Revision history for this message
Sean Dague (sdague) wrote :

os-brick 1.4 was released over the weekend, and was the first os-brick to include privsep. We got a really odd failure rate in the grenade-multinode jobs (1/3 - 1/2) after wards which was super non obvious why. Hemma looks to have figured it out (this is a summary of what I've seen on IRC to pull it all together)

Remembering the following - https://github.com/openstack-dev/grenade#theory-of-upgrade and https://governance.openstack.org/reference/tags/assert_supports-upgrade.html#requirements - New code must work with N-1 configs. So this is `master` running with `mitaka` configuration.

privsep requires a sudo rule or rootwrap rule (to get to sudo) to allow the privsep daemon to be spawned for volume actions.

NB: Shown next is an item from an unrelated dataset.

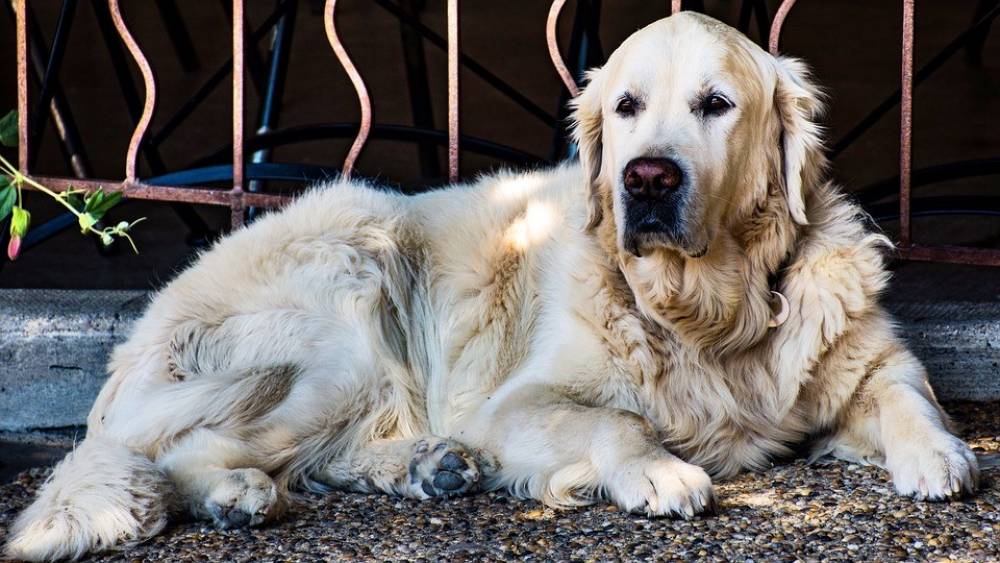 4 สายพันธุ์สุนัข ที่ค่าตัวแพงมากที่สุดในโลก ปี 2021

During gate testing we have a blanket sudoer rule for the stack user during the run of grenade.sh. It has to do system level modifications broadly to perform the upgrade. This sudoer rule is deleted at the end of the grenade.sh run before Tempest tests are run, so that Tempest tests don't accidentally require root privs on their target environment.

Grenade *also* makes sure that some resources live across the upgrade boundary. This includes a boot from volume guest, which is torn down before testing starts. And this is where things get interesting.

This means there is a volume teardown needed before grenade ends. But there is only one. In single node grenade this happens about 30 seconds for the end of the script, triggers the privsep daemon start, and then we're done. And the 50_stack_sh sudoers file is removed. In multinode, *if* the boot from volume server is on the upgrade node, then the same thing happens. *However*, if it instead ended up on the subnode, which is not upgraded, then the volume tear down in on the old node. No os-brick calls are made on the upgraded node before grenade finishes. The 50_stack_sh sudoers file is removed, as expected.

And now all volume tests on those nodes fail.

Which is what should happen. The point is that in production no one is going to put a blanket sudoers rule like that in place. It's just we needed it for this activity, and the userid on the services being the same as the shell user (which is not root) let this fallback rule be used.

The crux of the problem is that os-brick 1.4 and privsep can't be used without a config file change during the upgrade. Which violates our policy, because it breaks rolling upgrades.